Having a excel file name A.xlsx(or A.xls) with column A,B
read_excel return empty dataframe if usecols used

@chris-b1
Copy link
Contributor

Guessing this is due to a conflict in the two different kind of specs we accept for usecols - columns labels, or Excel column letters (A, B, C, ...). A workaround is to select the Excel column completely ('B:B') but this should work.

df = pd.DataFrame({'A': [1, 3], 'B': [3, 4]})
df.to_excel('tmp.xlsx', index=False)

pd.read_excel('tmp.xlsx', usecols=['B'])
Out[86]: 
Empty DataFrame
Columns: []
Index: []


pd.read_excel('tmp.xlsx', usecols='B:B')
Out[88]: 
   B
0  3
1  4

@chris-b1 chris-b1 added this to the Next Major Release milestone Nov 14, 2017
@jhall6226
Copy link

jhall6226 commented Nov 20, 2017

I'm interested in contributing and thought this looked like a good place to take a first step.

Reviewing pandas/io/excel.py, it looks like the change needs to be made in the _should_parse function of the ExcelFile class. Specifically, here:

pandas/pandas/io/excel.py

Lines 355 to 360 in 1915ffc

if isinstance(usecols, int):
return i <= usecols
elif isinstance(usecols, compat.string_types):
return i in _range2cols(usecols)
else:
return i in usecols

It looks like the current implementation checks for an integer first (i.e. a max number of columns to use), a string second (i.e. assuming a comma separated list of column names in a single string), and assumes a list (technically any container that implements the "in" operator) otherwise. When a list is assumed for usecols, the check for the column index (i) assumes that it is a list of integers.

The simplest way to implement the requested functionality would be to add a new conditional to check whether the first element is a string and, if so, concatenate the list into a single string like case 2 and re-use the _range2cols function to convert to numeric values before returning the comparison:

if isinstance(usecols, list) and isinstance(usecols[0], compat.string_types):
    return i in _range2cols(', '.join(usecols))

Additionally, there would probably need to be another check (if there isn't already?) to handle the behavior for an empty list. Should this be assumed to mean the same thing as None? It doesn't make sense to read a sheet and not return any data.

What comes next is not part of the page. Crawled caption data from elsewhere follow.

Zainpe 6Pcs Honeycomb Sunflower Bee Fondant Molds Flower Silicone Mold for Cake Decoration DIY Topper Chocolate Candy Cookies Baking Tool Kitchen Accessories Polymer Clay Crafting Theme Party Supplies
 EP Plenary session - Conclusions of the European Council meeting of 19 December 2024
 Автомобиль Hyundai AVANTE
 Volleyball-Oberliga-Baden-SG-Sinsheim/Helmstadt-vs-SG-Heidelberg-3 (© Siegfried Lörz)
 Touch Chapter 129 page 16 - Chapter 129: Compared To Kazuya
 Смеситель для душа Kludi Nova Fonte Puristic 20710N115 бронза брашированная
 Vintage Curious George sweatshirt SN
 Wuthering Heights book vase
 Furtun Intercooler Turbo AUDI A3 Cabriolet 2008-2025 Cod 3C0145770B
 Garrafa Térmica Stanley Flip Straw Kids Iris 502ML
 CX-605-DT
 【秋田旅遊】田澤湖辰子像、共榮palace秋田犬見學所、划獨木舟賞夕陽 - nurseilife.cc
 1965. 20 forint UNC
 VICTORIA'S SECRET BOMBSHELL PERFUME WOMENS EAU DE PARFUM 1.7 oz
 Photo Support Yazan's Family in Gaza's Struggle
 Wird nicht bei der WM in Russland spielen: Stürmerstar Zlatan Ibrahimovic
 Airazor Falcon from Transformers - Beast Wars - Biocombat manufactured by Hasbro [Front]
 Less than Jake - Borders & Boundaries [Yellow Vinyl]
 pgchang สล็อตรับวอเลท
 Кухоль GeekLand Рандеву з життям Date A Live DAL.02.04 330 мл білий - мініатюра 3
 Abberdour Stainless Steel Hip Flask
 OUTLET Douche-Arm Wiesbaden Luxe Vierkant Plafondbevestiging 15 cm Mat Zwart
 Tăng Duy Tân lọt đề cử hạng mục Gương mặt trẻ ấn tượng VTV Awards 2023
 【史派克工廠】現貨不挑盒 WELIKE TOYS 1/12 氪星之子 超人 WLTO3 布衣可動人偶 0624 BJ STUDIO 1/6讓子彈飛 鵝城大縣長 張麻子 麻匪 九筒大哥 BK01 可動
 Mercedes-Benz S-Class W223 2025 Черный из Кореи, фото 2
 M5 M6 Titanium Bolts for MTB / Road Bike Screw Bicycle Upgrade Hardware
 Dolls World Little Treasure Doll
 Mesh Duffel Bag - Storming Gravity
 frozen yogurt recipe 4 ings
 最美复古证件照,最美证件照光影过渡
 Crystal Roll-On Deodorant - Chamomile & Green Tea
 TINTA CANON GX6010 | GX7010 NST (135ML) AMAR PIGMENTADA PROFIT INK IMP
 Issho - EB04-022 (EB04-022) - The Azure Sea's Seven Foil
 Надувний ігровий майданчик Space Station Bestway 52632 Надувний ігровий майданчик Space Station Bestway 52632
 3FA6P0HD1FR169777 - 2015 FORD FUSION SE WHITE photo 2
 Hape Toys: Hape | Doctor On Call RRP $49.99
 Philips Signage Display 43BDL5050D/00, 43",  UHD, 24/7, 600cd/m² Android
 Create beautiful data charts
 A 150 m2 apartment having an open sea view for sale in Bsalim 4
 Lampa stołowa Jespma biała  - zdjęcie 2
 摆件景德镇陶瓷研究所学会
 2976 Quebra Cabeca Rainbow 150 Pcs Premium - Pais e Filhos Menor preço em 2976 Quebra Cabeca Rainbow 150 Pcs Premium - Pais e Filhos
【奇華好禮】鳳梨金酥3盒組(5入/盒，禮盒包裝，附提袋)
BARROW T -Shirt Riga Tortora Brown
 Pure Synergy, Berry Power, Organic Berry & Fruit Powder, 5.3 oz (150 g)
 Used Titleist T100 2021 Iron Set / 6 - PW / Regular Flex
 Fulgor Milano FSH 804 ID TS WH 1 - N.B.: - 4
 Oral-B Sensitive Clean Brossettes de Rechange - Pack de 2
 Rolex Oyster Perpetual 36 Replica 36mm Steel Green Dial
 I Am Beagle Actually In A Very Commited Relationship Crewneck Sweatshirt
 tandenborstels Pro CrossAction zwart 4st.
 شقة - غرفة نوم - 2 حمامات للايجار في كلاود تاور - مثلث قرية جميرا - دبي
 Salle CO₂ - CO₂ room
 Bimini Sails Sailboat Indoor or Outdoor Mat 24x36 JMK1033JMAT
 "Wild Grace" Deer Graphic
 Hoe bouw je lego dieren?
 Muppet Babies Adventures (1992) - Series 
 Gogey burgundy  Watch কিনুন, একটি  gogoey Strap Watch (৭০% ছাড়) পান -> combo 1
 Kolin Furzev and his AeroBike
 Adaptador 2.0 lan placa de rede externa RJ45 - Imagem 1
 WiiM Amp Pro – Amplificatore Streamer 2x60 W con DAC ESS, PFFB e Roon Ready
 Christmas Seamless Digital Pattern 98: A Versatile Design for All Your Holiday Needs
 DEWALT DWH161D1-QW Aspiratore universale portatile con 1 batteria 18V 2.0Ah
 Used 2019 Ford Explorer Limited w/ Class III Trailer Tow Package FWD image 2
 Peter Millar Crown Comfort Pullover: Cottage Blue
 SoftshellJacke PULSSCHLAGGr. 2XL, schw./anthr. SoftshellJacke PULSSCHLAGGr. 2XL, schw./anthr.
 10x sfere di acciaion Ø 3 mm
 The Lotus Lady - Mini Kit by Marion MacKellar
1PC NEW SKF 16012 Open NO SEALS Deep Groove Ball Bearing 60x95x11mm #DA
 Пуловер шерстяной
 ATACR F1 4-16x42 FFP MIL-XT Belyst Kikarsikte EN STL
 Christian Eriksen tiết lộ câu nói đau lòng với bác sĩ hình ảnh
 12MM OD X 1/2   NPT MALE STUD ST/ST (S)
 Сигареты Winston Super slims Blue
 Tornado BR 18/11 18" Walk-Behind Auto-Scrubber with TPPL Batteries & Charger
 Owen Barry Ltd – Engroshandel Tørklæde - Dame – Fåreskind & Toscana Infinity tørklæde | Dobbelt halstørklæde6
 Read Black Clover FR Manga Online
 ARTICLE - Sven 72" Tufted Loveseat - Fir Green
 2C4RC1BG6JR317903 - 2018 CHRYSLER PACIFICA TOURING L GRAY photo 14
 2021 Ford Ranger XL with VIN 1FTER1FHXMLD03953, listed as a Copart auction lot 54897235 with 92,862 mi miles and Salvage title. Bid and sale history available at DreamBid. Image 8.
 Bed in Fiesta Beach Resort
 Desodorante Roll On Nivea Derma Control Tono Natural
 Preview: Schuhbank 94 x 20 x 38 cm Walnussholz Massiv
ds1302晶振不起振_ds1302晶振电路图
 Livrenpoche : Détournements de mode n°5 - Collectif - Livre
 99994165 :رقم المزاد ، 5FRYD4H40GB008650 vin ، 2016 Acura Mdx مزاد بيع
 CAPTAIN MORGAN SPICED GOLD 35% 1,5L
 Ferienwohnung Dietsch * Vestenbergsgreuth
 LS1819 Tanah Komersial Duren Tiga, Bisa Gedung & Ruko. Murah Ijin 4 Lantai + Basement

If we take this a little further, we could add support for mixed lists of integers and strings (if desired) by doing something like:

def _list2cols(area_list):
    parsed_list = list()
    for e in area_list:
        if isinstance(e, int):
            parsed_list.append(e)
        elif isinstance(e, compat.string_types):
            parsed_list.extend(_range2cols(e))
        else:
            pass # Assuming other types should not be considered

    return parsed_list

if isinstance(usecols, list):
    return i in _list2cols(usecols)

Interested in feedback on which direction should be taken.

@chris-b1
Copy link
Contributor

What I think would be easiest here would be to only have _should_parse handle the case when usecols is an Excel column specification (e.g. 'A,B,D:E'), and in all other cases pass through usecols to TextParser here.

parser = TextParser(data, header=header, index_col=index_col,

It already has logic to handle column names/locations, and will raise in the mixed case.

from pandas.io.parsers import TextParser
TextParser([['a', 'b', 'c'],
            [1, 2, 3]], usecols=['b']).read()

Out[81]: 
   b
0  2

@jhall6226
Copy link

jhall6226 commented Nov 20, 2017

Ok. So in that case, you would remove the preprocessing steps here.

if usecols is not None and j not in should_parse:

Then, you would call a function like the current _should_parse to convert the usecols value (which would only have to be done once vice the rows x columns amount of times that it is currently done) into something readable by TextParser and pass that new value where you referenced.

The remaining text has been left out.